Intervention de Max Zins, chargé de recherches au CNRS et au CERI au colloque du 22 juin 2009, Où va la Pakistan ?
Le Pakistan naît, comme Etat et nation indépendante, en 1947, en même temps que l’Inde (à quelques heures près) de ce qu’on appelle la partition de l’Inde.
Dès 1946, les choses se sont très mal passées. La partition se fait dans d’atroces massacres et de grands transferts de population.
Le Pakistan naît de ce traumatisme.
La sociologie de ces massacres va me permettre d’exposer la problématique de mon exposé.
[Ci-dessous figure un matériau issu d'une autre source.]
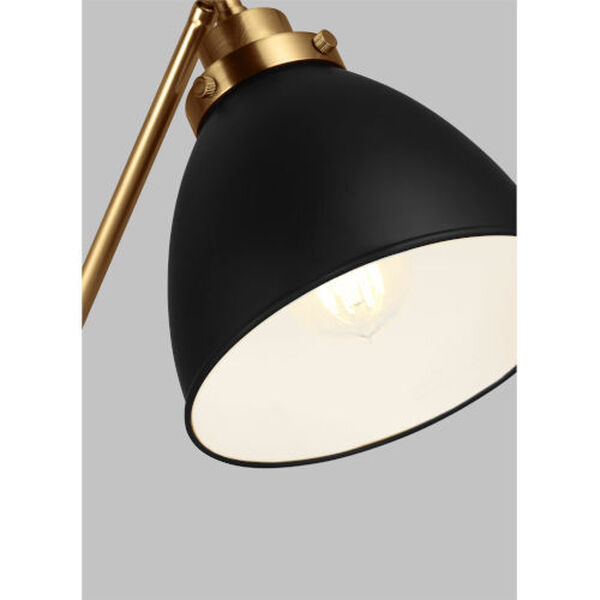 Wellfleet Midnight Black and Burnished Brass One-Light Dome Floor Lamp, image 4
Ces massacres tranchent par rapport à ceux que l’Inde avait connus depuis des siècles, quand Hindous et Musulmans s’entretuaient pour des raisons religieuses. La religion est une affaire tellement importante qu’elle concerne d’abord les hommes et, lors des massacres interreligieux entre Hindous et Musulmans, avant la partition, seuls les hommes s’entretuaient. Les femmes et les enfants n’étaient pas concernés. La plupart des émeutes avaient lieu lors des processions, devant des temples ou des mosquées. Le caractère religieux des massacres était donc bien marqué.
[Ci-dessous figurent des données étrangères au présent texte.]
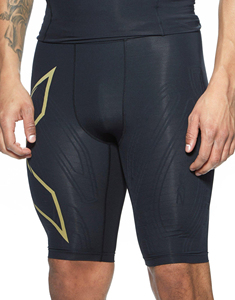 Shorts de compression noirs pour hommes, taille haute, longueur capri, séchage rapide, style sportif, taille élastique, tricotés en Spandex et Nylon - Product Image 3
Les massacres qui suivent la partition ont une sociologie totalement différente. Le premier massacre de ce nouveau type a lieu en 1946 à Calcutta. Sur l’ensemble de la période, depuis la partition, 75% des victimes sont des femmes et des enfants. Perpétrés par des hommes jeunes (17 – 25 ans), ces massacres prennent la forme de meurtres d’individus ou de petits groupes (cinq ou six personnes). On tue surtout dans les centres urbains, non pas autour des mosquées ou des symboles religieux, mais sur les places publiques, aux carrefours, devant les postes (symboles publics). Les massacres sont réalisés au couteau, les corps sont horriblement dépecés puis exposés aux carrefours et dans les lieux publics. Il s’agit de provoquer la panique et le départ des populations, dans une logique émeutière. En 1947, tout se passe comme si on voulait tuer les futurs citoyens des futurs Etats à créer. C’est pourquoi je parle de « massacres citoyens ». Puisqu’il s’agit de citoyens, les femmes ne sont plus exclues. Et comme les massacres sont commis par des hommes, les femmes en sont les victimes les plus nombreuses. Ce qui se passe en 1947 n’est pas de l’ordre du religieux mais du politique, dans le cadre de la création d’Etats-nations. C’est ainsi que, pour reprendre votre expression, le Pakistan est né de façon douloureuse, « mal né », dans un enfantement dramatique, à partir de massacres politiques même si les émeutiers leur donnent un masque religieux.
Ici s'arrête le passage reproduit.